Have you ever thought of adding a second fixture? The left hand side of the tank has a dead area (not getting as much light) where the actual fixture is.


----------



## chacal (Nov 21, 2003)

yeah, putting _a_ switch in wouldn't be a big deal, but I don't know how big a deal it'd be to make the eclipse built-in switch work. since the light's on a timer, it isn't much of a big deal.

as for a second fixture. I definitely thought about getting the 2x13 from ahsupply, and apparently it (barely) fits inside this hood..but i wasn't sure I was ready for 26 watts over a 6 gallon tank. As it stands right now, the light fixture is more or less over the big piece of driftwood, so even if there's less light over there, it isn't such a big deal.

my biggest problem w/ this tank, aside from a little algae, is SNAILS. some plant or plants I brought in introduced a HUGE snail population to this little tank..and every snail eating fish I read about is either nasty (dwarf puffers) toward community fish or gets really big (most loaches).

Can anyone recommend a fish for a nano/pico tank that'll scarf up all of these snails?

Thanks!


----------



## AlexPerez (Jan 25, 2004)

Hey chacal,

Do you find heat to be an issue. I got the same AHS Kit mounted in my Eclipse 6 and I have to keep the Lid open to keep the Temp below 80.
with the Lid on the temp goes up to 84 and higher.

Regards,
ALex


----------



## chacal (Nov 21, 2003)

Alex,

I think the temp stays right around 80 w/ the lid on. My apartment's pretty cool, and I don't think that the heater ever clicks on during the day.


----------



## supaoopa (Oct 25, 2004)

thanks for the pics.  I was hoping there was a way to mount the lighting without drilling through the top of the hood. :icon_frow


----------



## zero9046 (Jul 6, 2005)

I don't know how long ago yours was ordered and installed, but i just got and installed mine this evening, and the power cord came with a little on off switch, so maybe they are doing that now.


----------



## chadly (May 17, 2005)

would this fit in a 3gal eclipse?


----------



## kamla (Feb 17, 2005)

i have think of doing the same thing for my 6 gal..
does the back of the tank get enough linght...
i am also worried about the heat...

Any thoughts..


----------



## robv1965 (Jan 19, 2005)

I have a 3 gallon eclipse that I added a 13w CF droplight to. I think the light was about 10-12 bucks at walmart. I used plastic tubing thats used for regular fluoresents and rubber chair feet to seal the tube and protect it from mousture. I attached to whole thing to the top with 2 cable ties thru the top. The ballest sits on the floor in its original drop light handle.

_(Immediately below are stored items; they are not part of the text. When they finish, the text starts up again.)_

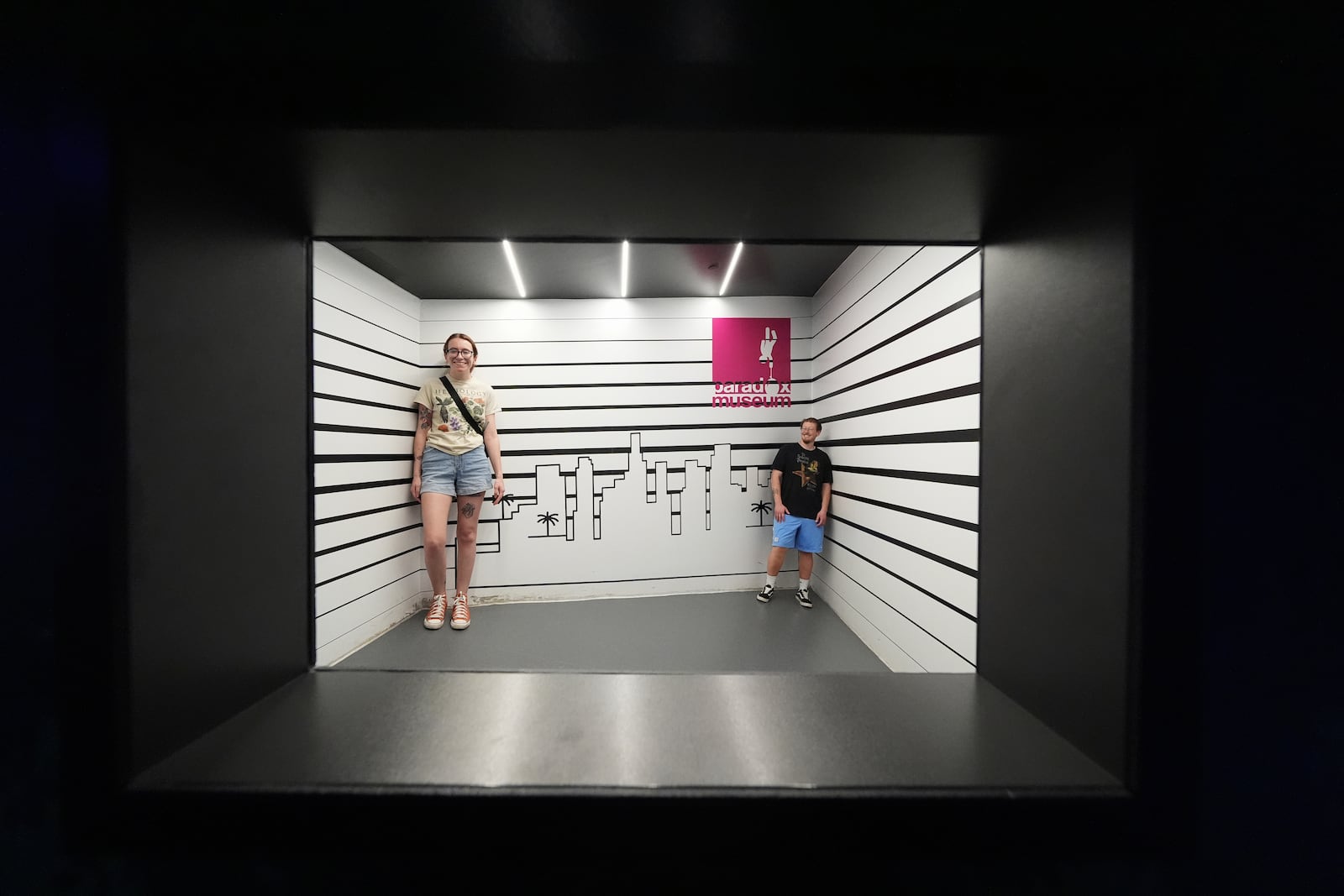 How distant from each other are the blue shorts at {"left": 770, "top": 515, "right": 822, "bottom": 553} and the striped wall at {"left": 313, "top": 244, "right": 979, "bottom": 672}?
158 millimetres

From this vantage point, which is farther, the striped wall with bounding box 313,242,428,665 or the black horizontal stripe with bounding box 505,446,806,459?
the black horizontal stripe with bounding box 505,446,806,459

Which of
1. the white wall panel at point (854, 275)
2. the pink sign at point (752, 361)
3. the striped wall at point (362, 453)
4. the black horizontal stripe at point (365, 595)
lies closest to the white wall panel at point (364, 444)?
the striped wall at point (362, 453)

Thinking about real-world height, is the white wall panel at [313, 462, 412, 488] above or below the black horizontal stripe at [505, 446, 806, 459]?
below

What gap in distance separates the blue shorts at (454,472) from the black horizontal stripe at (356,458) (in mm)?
236

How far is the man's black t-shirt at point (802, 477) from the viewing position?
3.44m

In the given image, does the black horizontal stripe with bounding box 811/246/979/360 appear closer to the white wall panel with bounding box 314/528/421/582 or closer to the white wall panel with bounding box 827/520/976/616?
the white wall panel with bounding box 827/520/976/616

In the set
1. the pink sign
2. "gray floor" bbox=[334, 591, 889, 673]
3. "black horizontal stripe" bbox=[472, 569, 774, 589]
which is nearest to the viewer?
"gray floor" bbox=[334, 591, 889, 673]

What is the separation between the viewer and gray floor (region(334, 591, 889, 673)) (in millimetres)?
2498

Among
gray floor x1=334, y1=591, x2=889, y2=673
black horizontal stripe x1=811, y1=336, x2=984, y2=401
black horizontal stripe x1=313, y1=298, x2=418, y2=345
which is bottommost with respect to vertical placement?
gray floor x1=334, y1=591, x2=889, y2=673

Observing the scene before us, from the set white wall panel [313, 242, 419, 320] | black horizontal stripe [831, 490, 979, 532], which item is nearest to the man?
black horizontal stripe [831, 490, 979, 532]

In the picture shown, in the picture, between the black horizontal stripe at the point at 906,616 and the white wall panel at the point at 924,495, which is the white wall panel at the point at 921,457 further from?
the black horizontal stripe at the point at 906,616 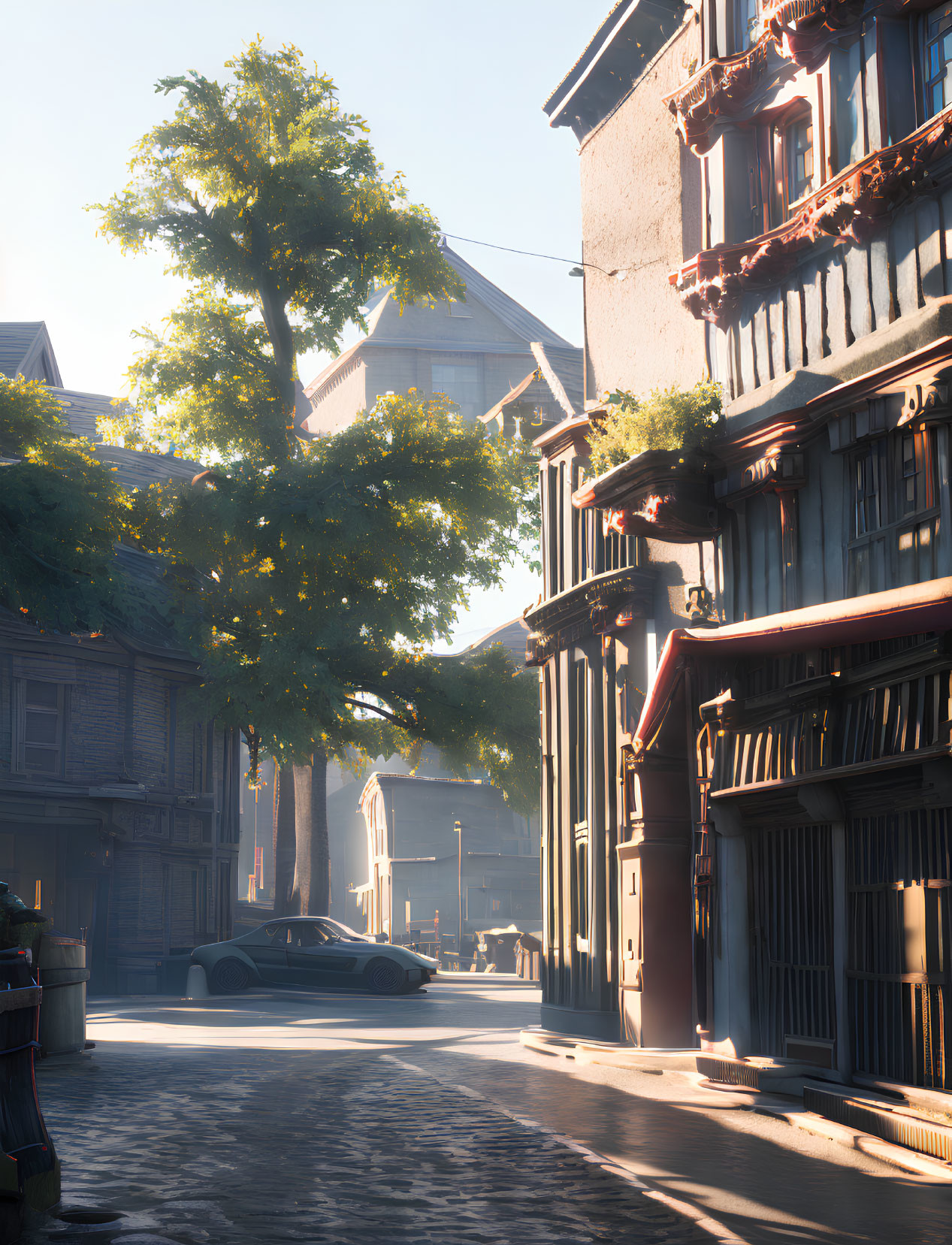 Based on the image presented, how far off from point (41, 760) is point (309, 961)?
773cm

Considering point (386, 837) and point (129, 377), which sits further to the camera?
point (386, 837)

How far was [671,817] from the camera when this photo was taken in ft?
48.1

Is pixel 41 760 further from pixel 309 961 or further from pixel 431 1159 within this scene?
pixel 431 1159

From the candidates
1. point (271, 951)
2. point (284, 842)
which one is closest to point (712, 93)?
point (271, 951)

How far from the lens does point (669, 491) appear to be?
1369 centimetres

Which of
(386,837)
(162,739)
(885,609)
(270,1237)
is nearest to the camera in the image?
(270,1237)

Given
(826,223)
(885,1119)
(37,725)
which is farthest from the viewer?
(37,725)

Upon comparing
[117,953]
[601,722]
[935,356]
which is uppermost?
[935,356]

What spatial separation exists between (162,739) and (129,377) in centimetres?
810

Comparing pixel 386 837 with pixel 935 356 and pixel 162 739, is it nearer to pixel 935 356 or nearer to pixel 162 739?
pixel 162 739

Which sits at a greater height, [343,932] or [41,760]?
[41,760]

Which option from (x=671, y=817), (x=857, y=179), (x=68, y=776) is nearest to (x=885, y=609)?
(x=857, y=179)

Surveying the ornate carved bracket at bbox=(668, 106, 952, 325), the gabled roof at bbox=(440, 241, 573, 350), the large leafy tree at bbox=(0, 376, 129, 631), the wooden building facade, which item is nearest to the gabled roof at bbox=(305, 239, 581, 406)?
the gabled roof at bbox=(440, 241, 573, 350)

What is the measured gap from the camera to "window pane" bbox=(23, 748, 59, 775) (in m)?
28.9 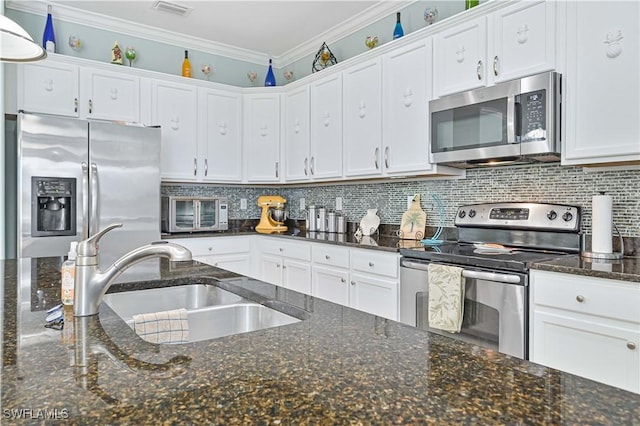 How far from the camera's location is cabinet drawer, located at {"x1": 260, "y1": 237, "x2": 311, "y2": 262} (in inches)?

I added a fan since it seems to get a bit hot under there.

I'm considering replacing the built in filter with a small canister and adding another 13w's so that the back of the tank gets some light. The light I added fits between the filter and the existing light.

I can take a picture if anyone is interested......

Rob


----------



## Zach987 (Mar 4, 2004)

yes please post some


----------



## cbennett (Oct 20, 2005)

after i retrofitted mine, I simply popped out the little black rubber thingy for the old switch. Since hot air rises, made a good vent and kept the tank a little cooler. On hot summer days (I have no air conditioning), I just move the little liftable lid down about an inch.


----------



## Zach987 (Mar 4, 2004)

I upgraded a 6 gallon when i lived in georgia but it was a top off restoration "80 watts". I am about to start another one here and wannt to keep the clean lines.

Does anyone know of a better install than ahsupply's?


----------